# Top Entrances and SHB/Ventilation Question and Quilts



## warrior (Nov 21, 2005)

BTW, I have zero intent to ever use anything harsher than sugar inside the box to include going foundationless. I would like to be able to run them as I did in the past but realize that ain't possible but do not want to have to resort to nuking everything.


----------



## Specialkayme (Sep 4, 2005)

FWIW I use a shim as a top entrance, and a solid bottom board (w/o an entrance). I don't use traps or screened bottom boards (at least, on all the hives) and I don't have a problem with SHB. There are a few in there, but they don't take over that quickly.

I am looking into a quilt or upper ventilation area for next year though.


----------



## warrior (Nov 21, 2005)

Thanks. So maybe my concern over SHB may just be paranoia over something unfamiliar? The entrance traps could be overkill then. I just remember how a little inattention could lead to moth problems and from the comments on SHB I assumed it was even more likely to occur.


----------



## greengecko (Dec 16, 2008)

Specialkayme said:


> I am looking into a quilt or upper ventilation area for next year though.
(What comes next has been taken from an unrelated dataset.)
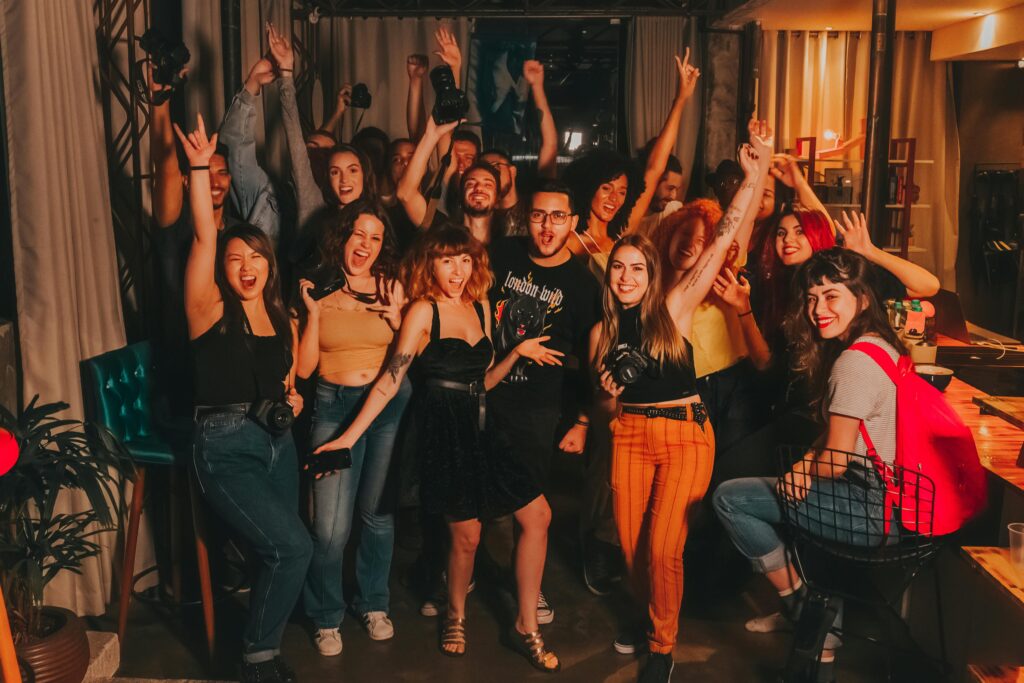 pexels-photo-3856042-3856042 High angle of excited young diverse friends in casual outfits with arms raised yelling happily while celebrating project success in modern workspace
I am using a top quilt box made from a standard Langstroth shallow which contains natural insulating material (wood shavings) supported by thin solid wooden insert with two screened 3 1/2 inch openings.
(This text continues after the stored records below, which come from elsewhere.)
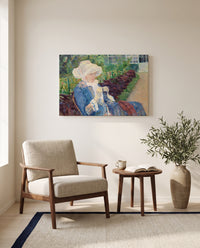 Lydia Crocheting by Mary Cassatt as a stretched canvas above a linen lounge chair in a reading corner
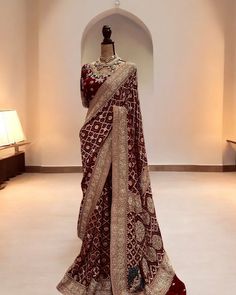 a mannequin dressed in a red and gold sari with an intricate pattern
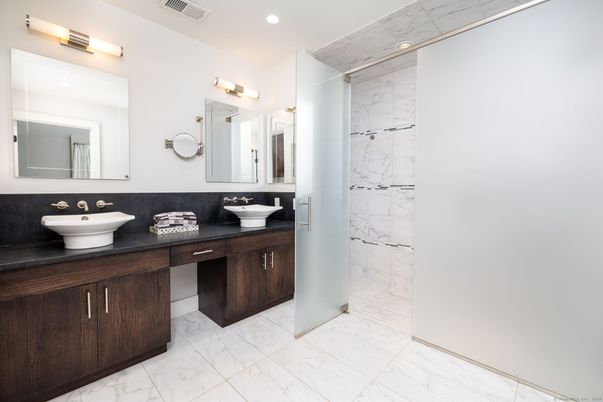 Bathroom, Dual Sink Vanities, Interior, Marble, Marble Walls, Recessed Lighting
My top covers are migratory style with ventilated front and rear screened eaves to allow air circulation above the wood shavings. Wood shavings are hygroscopic and transport moisture via capillary action from the hive to the ventilated eves. 

This will be my first winter with this arrangement so I be able to tell you how it works come next spring.
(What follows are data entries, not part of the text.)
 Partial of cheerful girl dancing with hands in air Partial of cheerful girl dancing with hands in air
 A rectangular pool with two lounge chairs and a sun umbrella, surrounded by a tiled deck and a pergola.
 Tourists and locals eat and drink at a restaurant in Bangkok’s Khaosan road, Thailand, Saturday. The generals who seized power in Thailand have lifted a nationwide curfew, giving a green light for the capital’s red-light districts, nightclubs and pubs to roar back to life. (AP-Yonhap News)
Here is a link to a description of the hive and a set of photos.

http://www.warrebeek.com/hhhive.html


----------



## Specialkayme (Sep 4, 2005)

Very nice GG. Do you have plans for those covers?

Keep me informed on how your winter goes. I'm very interested.


----------



## greengecko (Dec 16, 2008)

Specialkayme said:


> Very nice GG. Do you have plans for those covers?


These are for 8-frame hive bodies. The materials are 1/2" exterior plywood and 1x2 stock.


----------



## Specialkayme (Sep 4, 2005)

Thanks GG. I certainly have a new winter project (as if my wife will be fond of another one).


----------



## greengecko (Dec 16, 2008)

Here are drawings of the top and quilt box...



















... and one of the complete 2 deep 8-frame hive.










In the photo the top is covered with a piece of corrugated PVC for additional protection from the elements.


----------



## scdw43 (Aug 14, 2008)

Nice looking covers.


----------



## beemandan (Dec 5, 2005)

warrior said:


> So maybe my concern over SHB may just be paranoia over something unfamiliar?


You should be so lucky. First rule....put your hives in FULL sun!


----------